Background: Young, non-obese adults are considered at low risk for cardiometabolic diseases, although markers of an unhealthy metabolic state are not uncommon findings in this population. Adipose tissue dysfunction, evaluated by the adipokine profile, significantly influences lipid and glucose metabolism and low-grade systemic inflammation.
Aims: To determine the relation between adipose tissue dysfunction and the already confirmed cardiometabolic risk indicators, including the atherogenic index of plasma, lipid accumulation product, homeostatic model assessment of insulin resistance, and the low-grade inflammation markers, namely, interleukin 6 and high-sensitivity C-reactive protein.
Study Design: Cross-sectional study.
Methods: We recruited 93 non-obese, healthy young adults. Anthropometric, lipid profile, inflammatory markers, and adipokines were measured. An abnormal adipokine profile (high leptin-to-adiponectin ratio) was considered as a marker of a dysfunctional adipose tissue. The correlation between the leptin-to-adiponectin ratio and the anthropometric measurements, atherogenic index of plasma, lipid accumulation product, homeostatic model assessment of insulin resistance, interleukin 6, and high-sensitivity C-reactive protein was determined.

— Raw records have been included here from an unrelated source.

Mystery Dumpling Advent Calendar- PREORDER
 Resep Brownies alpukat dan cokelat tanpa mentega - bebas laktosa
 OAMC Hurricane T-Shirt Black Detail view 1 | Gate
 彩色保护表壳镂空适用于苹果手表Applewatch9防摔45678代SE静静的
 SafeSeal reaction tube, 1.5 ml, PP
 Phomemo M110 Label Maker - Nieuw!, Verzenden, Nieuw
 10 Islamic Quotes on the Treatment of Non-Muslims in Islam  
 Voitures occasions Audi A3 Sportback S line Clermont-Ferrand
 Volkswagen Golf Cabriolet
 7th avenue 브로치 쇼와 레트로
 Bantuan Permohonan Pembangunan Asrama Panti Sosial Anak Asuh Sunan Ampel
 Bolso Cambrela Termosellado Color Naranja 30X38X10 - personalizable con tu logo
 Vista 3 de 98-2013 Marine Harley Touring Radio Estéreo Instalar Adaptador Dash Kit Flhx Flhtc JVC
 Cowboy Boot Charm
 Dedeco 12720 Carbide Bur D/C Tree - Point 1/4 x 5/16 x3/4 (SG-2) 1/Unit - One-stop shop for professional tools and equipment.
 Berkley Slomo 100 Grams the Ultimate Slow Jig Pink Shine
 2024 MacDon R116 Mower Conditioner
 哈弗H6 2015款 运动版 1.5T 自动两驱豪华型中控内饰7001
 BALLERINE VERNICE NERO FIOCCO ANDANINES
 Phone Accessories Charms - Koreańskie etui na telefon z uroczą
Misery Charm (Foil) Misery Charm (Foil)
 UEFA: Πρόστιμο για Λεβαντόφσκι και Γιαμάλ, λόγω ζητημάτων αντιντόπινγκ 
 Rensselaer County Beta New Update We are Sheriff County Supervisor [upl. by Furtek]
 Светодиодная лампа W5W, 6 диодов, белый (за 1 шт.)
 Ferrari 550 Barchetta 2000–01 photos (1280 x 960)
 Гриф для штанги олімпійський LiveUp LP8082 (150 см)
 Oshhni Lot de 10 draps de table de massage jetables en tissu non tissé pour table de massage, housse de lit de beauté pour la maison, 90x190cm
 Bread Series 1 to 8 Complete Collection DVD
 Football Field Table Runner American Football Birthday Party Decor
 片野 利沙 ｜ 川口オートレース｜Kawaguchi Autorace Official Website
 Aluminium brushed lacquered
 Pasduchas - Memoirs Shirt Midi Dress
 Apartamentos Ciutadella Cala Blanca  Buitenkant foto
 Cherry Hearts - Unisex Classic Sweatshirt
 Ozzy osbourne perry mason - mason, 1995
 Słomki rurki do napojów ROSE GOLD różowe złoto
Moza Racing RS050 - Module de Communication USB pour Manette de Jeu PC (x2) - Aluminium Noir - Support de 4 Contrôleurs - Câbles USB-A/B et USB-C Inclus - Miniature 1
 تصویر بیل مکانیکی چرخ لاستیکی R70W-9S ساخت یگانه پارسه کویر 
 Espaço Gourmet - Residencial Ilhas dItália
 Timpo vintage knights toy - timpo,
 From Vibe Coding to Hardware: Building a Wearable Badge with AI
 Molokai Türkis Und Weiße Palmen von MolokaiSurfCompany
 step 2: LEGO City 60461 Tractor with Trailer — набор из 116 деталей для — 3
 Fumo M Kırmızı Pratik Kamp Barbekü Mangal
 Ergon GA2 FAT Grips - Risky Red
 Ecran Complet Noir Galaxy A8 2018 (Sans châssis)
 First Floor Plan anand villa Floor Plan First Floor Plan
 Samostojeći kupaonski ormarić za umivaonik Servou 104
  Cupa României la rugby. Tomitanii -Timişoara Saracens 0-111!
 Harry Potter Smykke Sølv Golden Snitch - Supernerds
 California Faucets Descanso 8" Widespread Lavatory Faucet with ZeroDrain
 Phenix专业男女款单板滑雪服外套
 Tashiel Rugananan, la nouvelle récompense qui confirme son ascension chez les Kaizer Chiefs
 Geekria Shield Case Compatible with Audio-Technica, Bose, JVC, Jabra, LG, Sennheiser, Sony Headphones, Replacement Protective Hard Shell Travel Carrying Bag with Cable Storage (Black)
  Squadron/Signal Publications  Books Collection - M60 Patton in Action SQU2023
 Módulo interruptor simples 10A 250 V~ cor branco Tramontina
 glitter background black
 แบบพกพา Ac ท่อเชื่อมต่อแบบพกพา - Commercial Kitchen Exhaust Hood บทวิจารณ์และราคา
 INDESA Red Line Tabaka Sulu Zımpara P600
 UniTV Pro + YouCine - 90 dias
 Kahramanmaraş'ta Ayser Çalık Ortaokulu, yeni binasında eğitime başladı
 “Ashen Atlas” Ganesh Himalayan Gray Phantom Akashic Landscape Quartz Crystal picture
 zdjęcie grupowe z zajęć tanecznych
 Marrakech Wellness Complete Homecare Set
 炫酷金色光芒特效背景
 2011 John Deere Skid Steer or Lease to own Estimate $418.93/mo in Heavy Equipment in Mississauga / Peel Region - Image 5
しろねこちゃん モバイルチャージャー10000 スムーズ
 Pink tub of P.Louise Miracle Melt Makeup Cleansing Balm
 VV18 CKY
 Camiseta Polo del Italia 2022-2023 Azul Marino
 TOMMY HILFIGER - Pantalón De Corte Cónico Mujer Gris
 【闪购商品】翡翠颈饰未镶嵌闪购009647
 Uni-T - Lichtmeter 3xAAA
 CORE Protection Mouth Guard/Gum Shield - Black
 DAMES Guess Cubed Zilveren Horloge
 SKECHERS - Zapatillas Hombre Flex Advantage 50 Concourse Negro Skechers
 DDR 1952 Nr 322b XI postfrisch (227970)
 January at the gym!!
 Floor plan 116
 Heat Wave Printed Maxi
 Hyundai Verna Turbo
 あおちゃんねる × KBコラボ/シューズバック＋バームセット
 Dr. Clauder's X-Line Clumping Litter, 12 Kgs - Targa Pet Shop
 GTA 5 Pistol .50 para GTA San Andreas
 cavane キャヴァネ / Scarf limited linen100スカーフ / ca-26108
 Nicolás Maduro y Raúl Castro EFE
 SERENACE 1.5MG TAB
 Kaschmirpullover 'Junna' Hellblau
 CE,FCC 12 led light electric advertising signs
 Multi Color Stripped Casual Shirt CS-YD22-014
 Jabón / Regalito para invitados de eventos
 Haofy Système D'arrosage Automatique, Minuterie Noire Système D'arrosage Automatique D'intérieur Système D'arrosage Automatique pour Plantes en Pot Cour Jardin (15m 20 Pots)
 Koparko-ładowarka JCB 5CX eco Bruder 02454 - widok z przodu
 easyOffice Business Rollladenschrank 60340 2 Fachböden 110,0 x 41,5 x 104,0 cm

Results: We found a direct correlation between the abnormal adipokine profile and the cardiometabolic risk indicators mentioned above, except for the low-grade inflammatory markers. In the regression model derived from our data, the leptin-to-adiponectin ratio was best correlated with the unfavorable plasma lipid profile, as estimated by the atherogenic index of plasma (r=0.097, confidence interval=0.015-0.180, p=0.021). A significantly higher leptin-to-adiponectin ratio was found in the insulin-resistant group (p=0.012) and in the highest lipid accumulation product quartile (p=0.032).
Conclusion: In a non-obese young population, the high rate of leptin-adiponectin may be a good predictor of cardiovascular and metabolic risk assessment.